### SOURCE MATERIAL

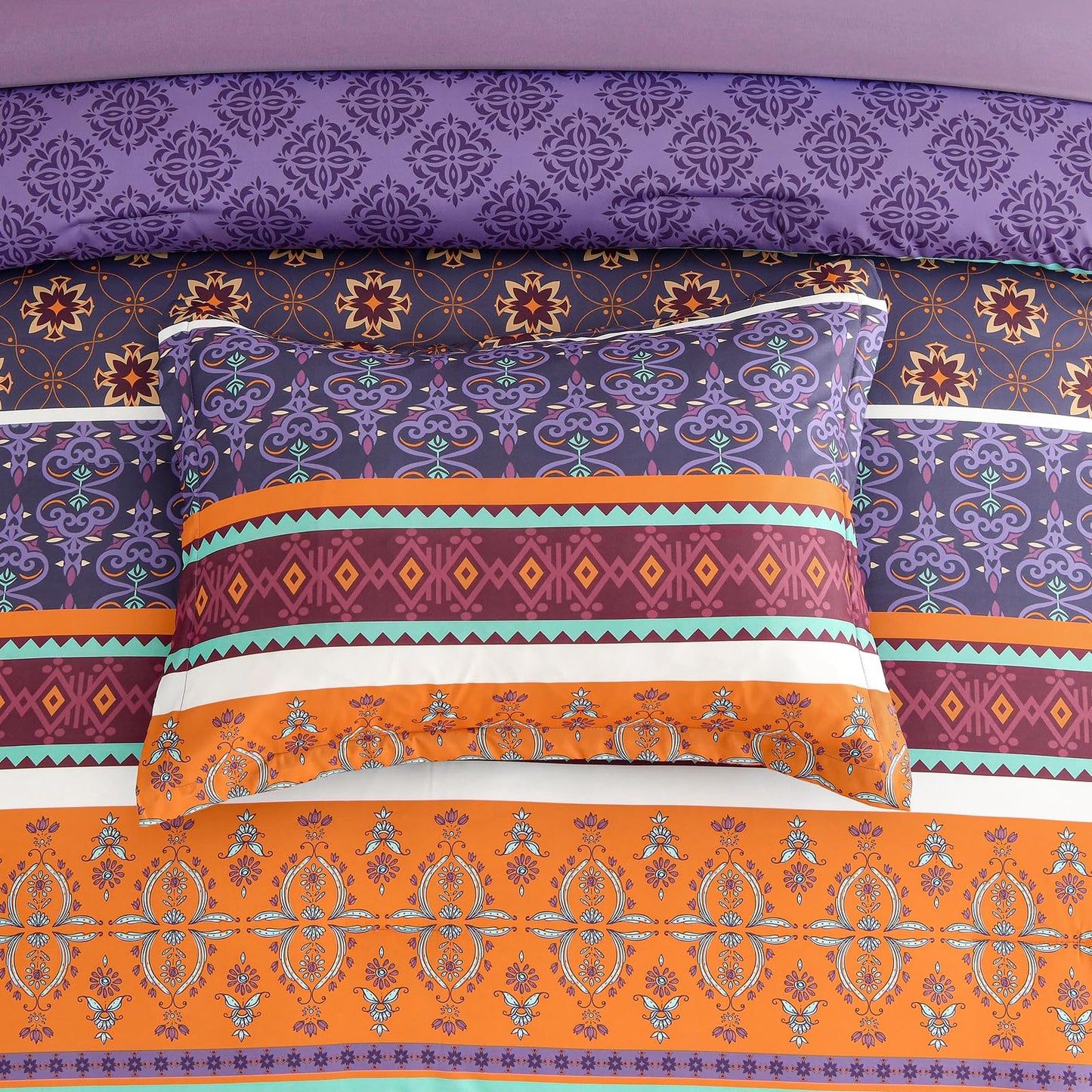 WONGS BEDDING Boho Comforter Set Queen Size,7 Pieces Bohemian Comforter Bedding Set Bed in a Bag,Purple Paisley Floral Comfortet with Sheet Set,Soft Microfiber Striped Bedding Sets for All Season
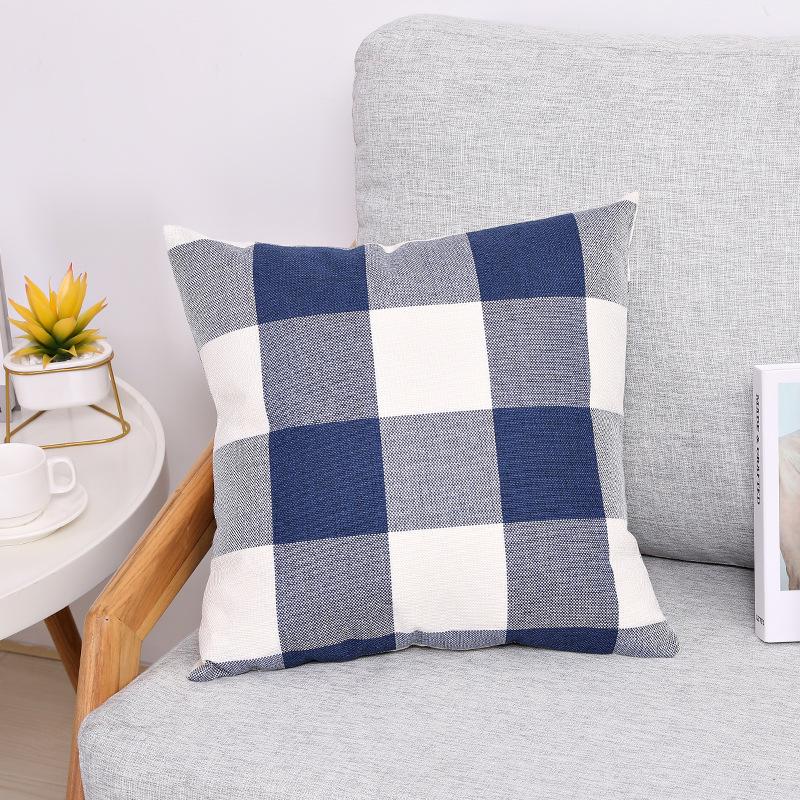 Linen Plaid Style Throw Pillow Cover - Hot-Selling Sofa Cushion Pillowcase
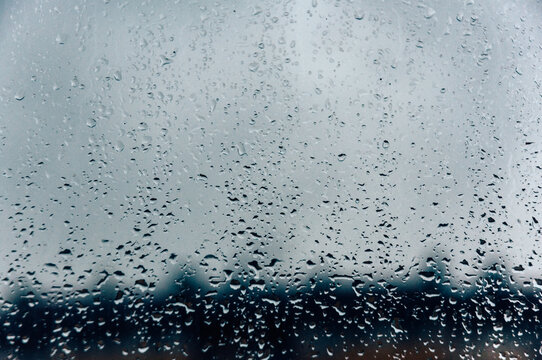 Rainy day. Raindrops on the window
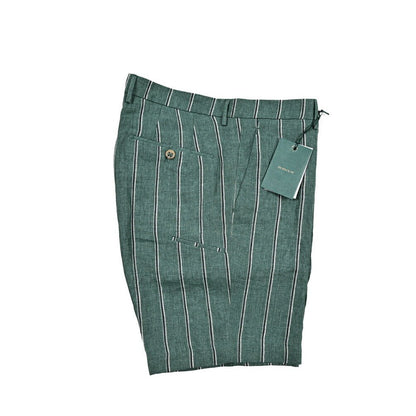 BERWICH "BER_MUDA" リネン100% ノータックショーツ グリーン(gem green) 54 | GUARDAROBA MILANO OFFICIAL STORE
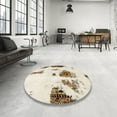 thumbnail image 4 of Ahgly Company Machine Washable Indoor Rectangle Abstract Gold Area Rugs, 8' x 12', 4 of 7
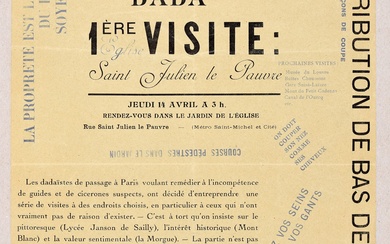 Excursions & visites Dada. 1ère visite. [Paris s.n. 1921] 1 f., 27,5 x 21,5 cm,...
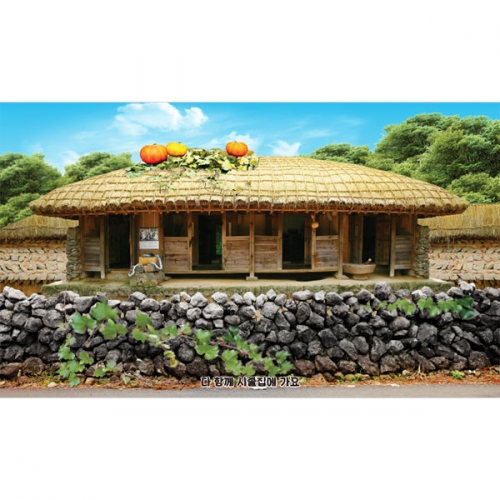 [파티붕붕]D4911 전통민속 배경 현수막 / 어린이집 유치원 전통마을 초가집 현수막 제작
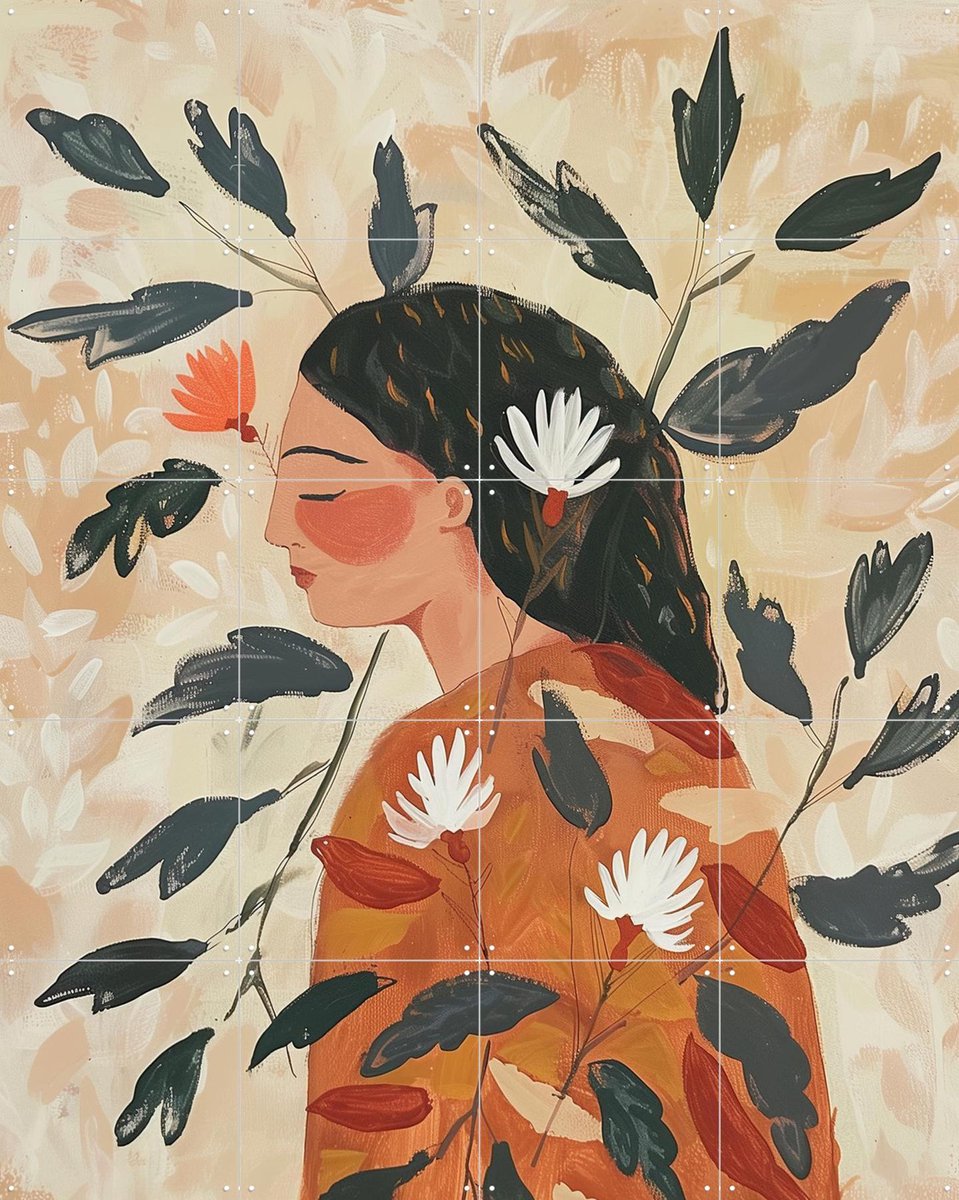 IXXI When Her Thoughts Took Root, Branka Kodžoman - 80 x 100 cm - Gratis ophangtool - Grote wanddecoratie en posters - Schilderijen, Slaapkamer, Gang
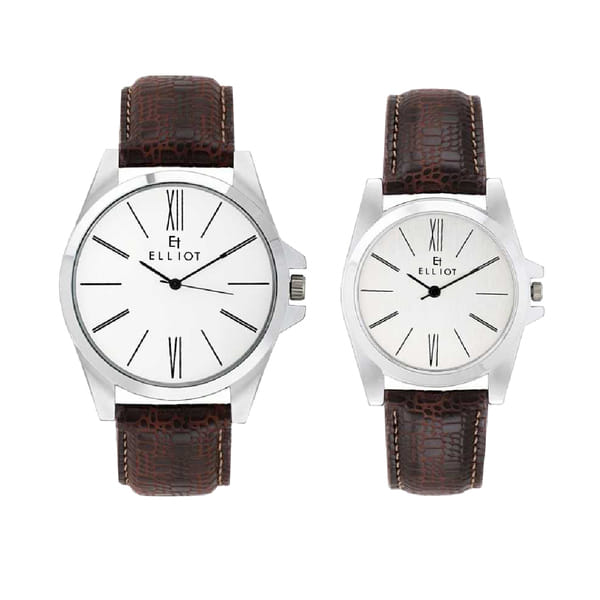Buy Elliot White Dial Analog Leather Strap Wrist Watch For Couple on EMI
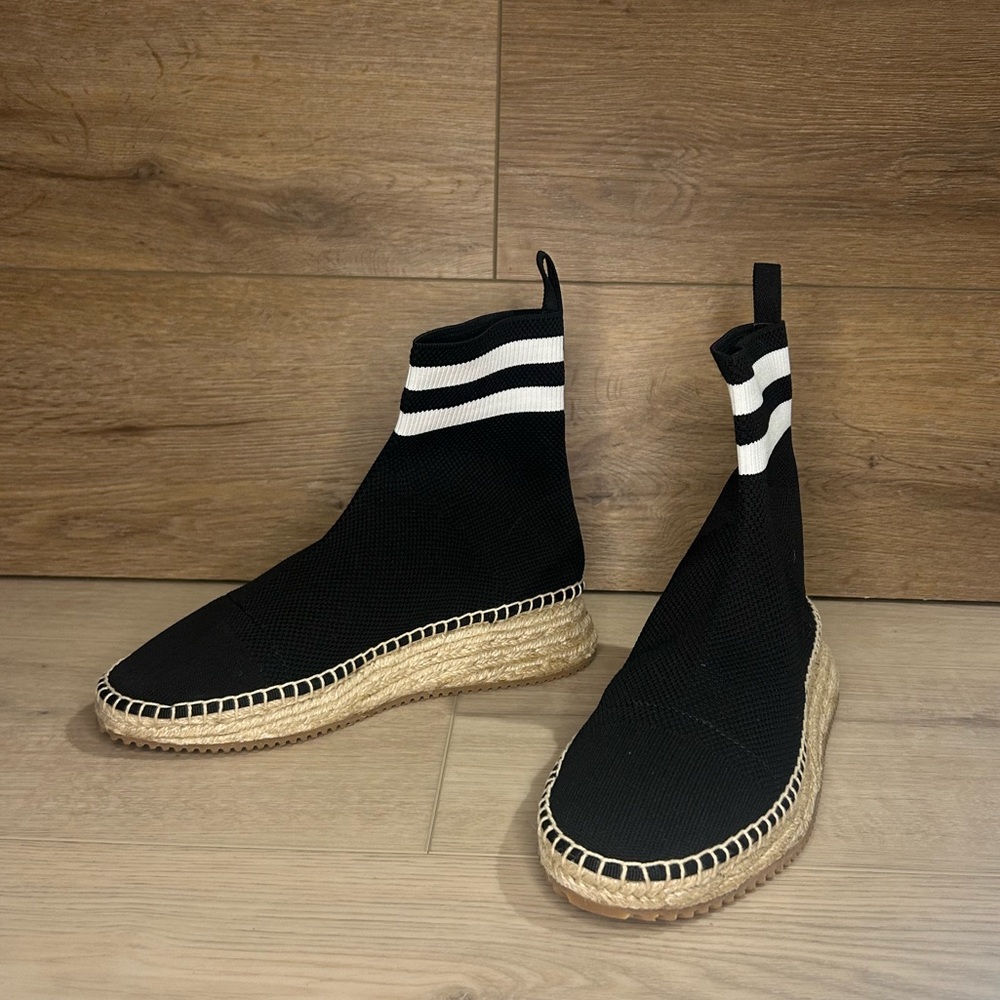 Alexander Wang Black White Knit High-Top Espadrille Sneakers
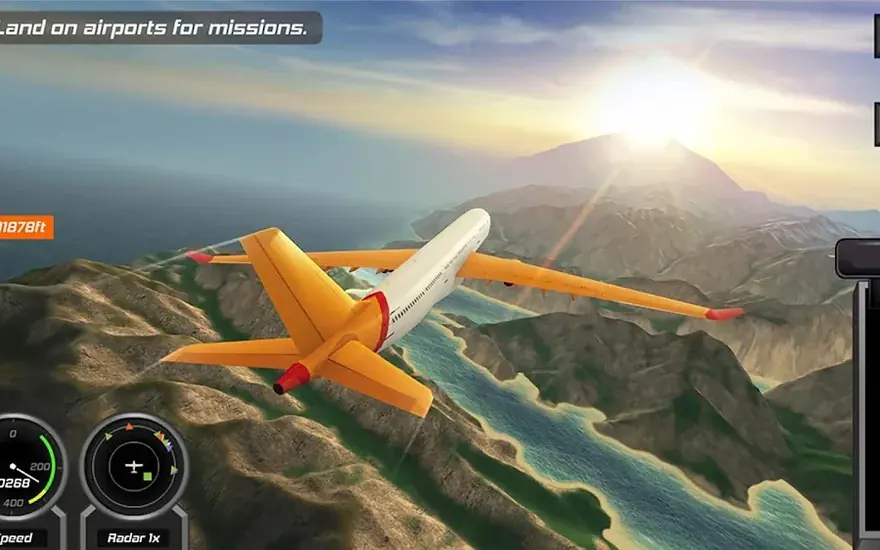 Kleines Flugzeug über einer Bergkette in Flight Pilot mit Anzeigen für Höhe und Kurs
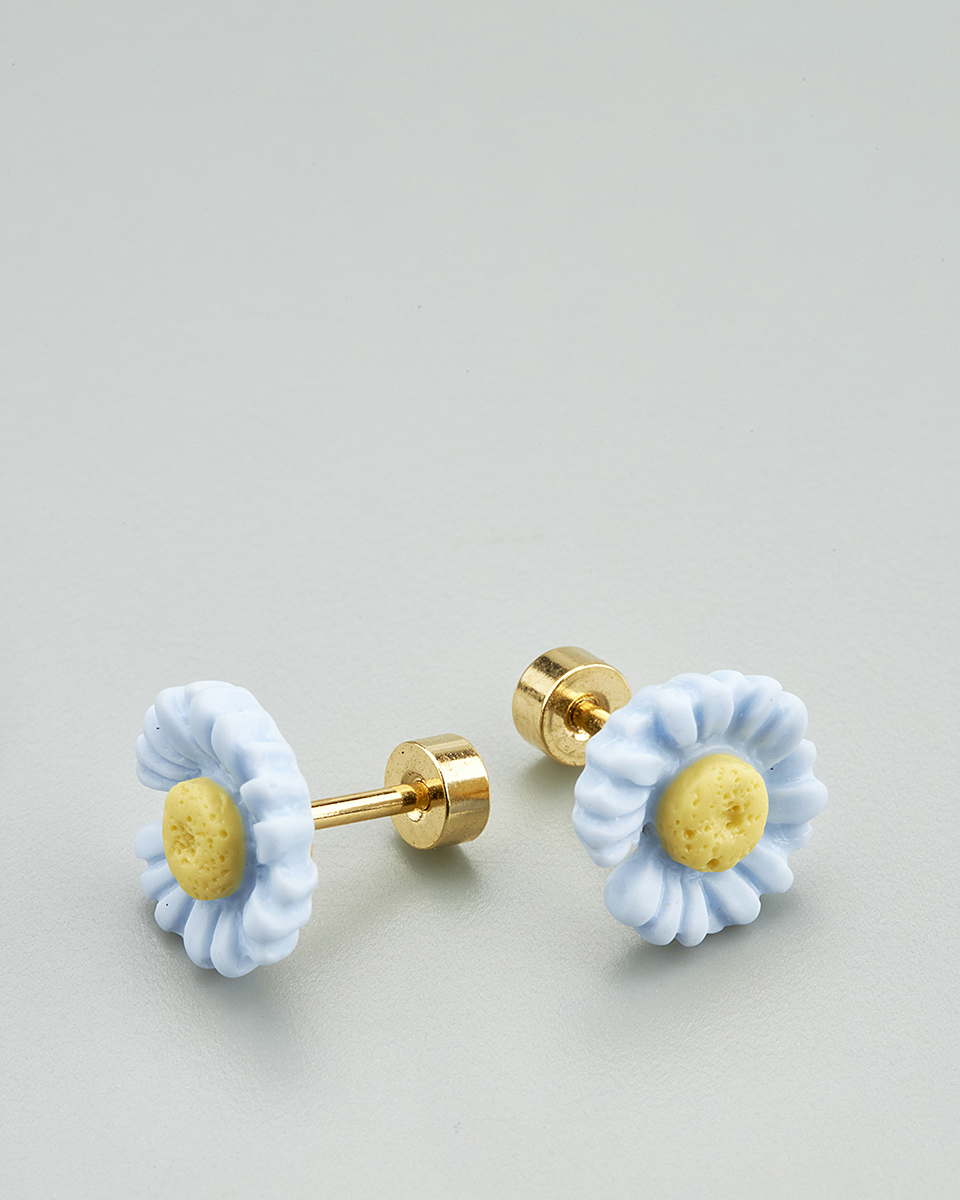 Sequoia Παιδικό Υποαλλεργικό Επιχρυσωμένο Ατσάλινο Σκουλαρίκι Ζέρμπερα Γαλάζιο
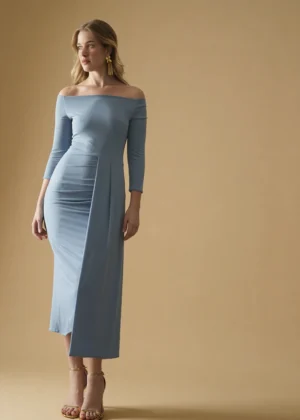 Ylma modas vestidos de fiesta, novia y comunión Vestido azul cielo bardot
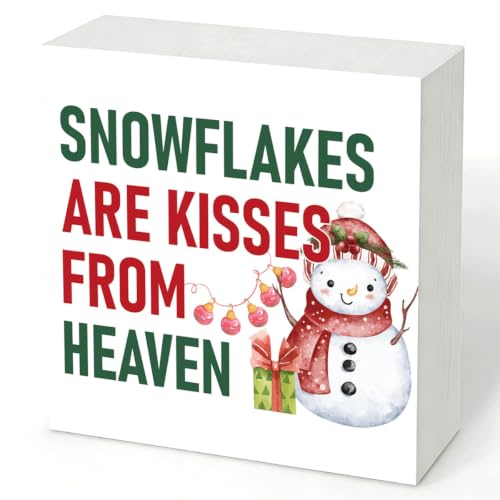 Snowflakes Are Kisses From Heaven Wood Box Sign, Winter Snowman Decor - color: Style 24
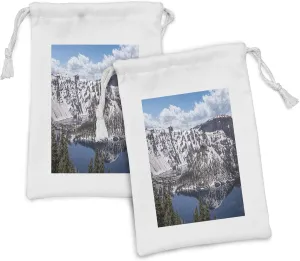 Ambesonne Nature Scene Fabric Pouch Set of 2, Spring Season Panoramic Photo of Snowy Mountains and Crater Lake, Small Drawstring Bag for Toiletries Masks and Favors, 9" x 6", Dark Indigo and Sea Blue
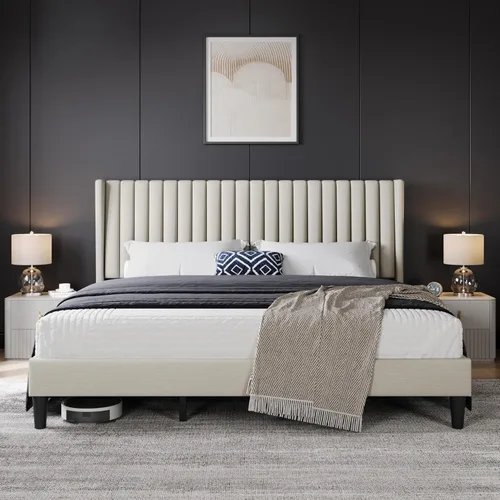 Miniatura 11 de Yaheetech - Base de cama tamaño Queen con plataforma tapizada con cabecero de tela, diseño de borde alado/Antideslizante y libre de ruido/Soporte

######

> EXERCISE BRIEF:
The records must be copied with no word altered, and without their pictures.

> SOLUTION:
 WONGS BEDDING Boho Comforter Set Queen Size,7 Pieces Bohemian Comforter Bedding Set Bed in a Bag,Purple Paisley Floral Comfortet with Sheet Set,Soft Microfiber Striped Bedding Sets for All Season
 Linen Plaid Style Throw Pillow Cover - Hot-Selling Sofa Cushion Pillowcase
 Rainy day. Raindrops on the window
 BERWICH "BER_MUDA" リネン100% ノータックショーツ グリーン(gem green) 54 | GUARDAROBA MILANO OFFICIAL STORE
 thumbnail image 4 of Ahgly Company Machine Washable Indoor Rectangle Abstract Gold Area Rugs, 8' x 12', 4 of 7
 Excursions & visites Dada. 1ère visite. [Paris s.n. 1921] 1 f., 27,5 x 21,5 cm,...
 [파티붕붕]D4911 전통민속 배경 현수막 / 어린이집 유치원 전통마을 초가집 현수막 제작
 IXXI When Her Thoughts Took Root, Branka Kodžoman - 80 x 100 cm - Gratis ophangtool - Grote wanddecoratie en posters - Schilderijen, Slaapkamer, Gang
Buy Elliot White Dial Analog Leather Strap Wrist Watch For Couple on EMI
 Alexander Wang Black White Knit High-Top Espadrille Sneakers
 Kleines Flugzeug über einer Bergkette in Flight Pilot mit Anzeigen für Höhe und Kurs
 Sequoia Παιδικό Υποαλλεργικό Επιχρυσωμένο Ατσάλινο Σκουλαρίκι Ζέρμπερα Γαλάζιο
 Ylma modas vestidos de fiesta, novia y comunión Vestido azul cielo bardot
 Snowflakes Are Kisses From Heaven Wood Box Sign, Winter Snowman Decor - color: Style 24
 Ambesonne Nature Scene Fabric Pouch Set of 2, Spring Season Panoramic Photo of Snowy Mountains and Crater Lake, Small Drawstring Bag for Toiletries Masks and Favors, 9" x 6", Dark Indigo and Sea Blue
 Miniatura 11 de Yaheetech - Base de cama tamaño Queen con plataforma tapizada con cabecero de tela, diseño de borde alado/Antideslizante y libre de ruido/Soporte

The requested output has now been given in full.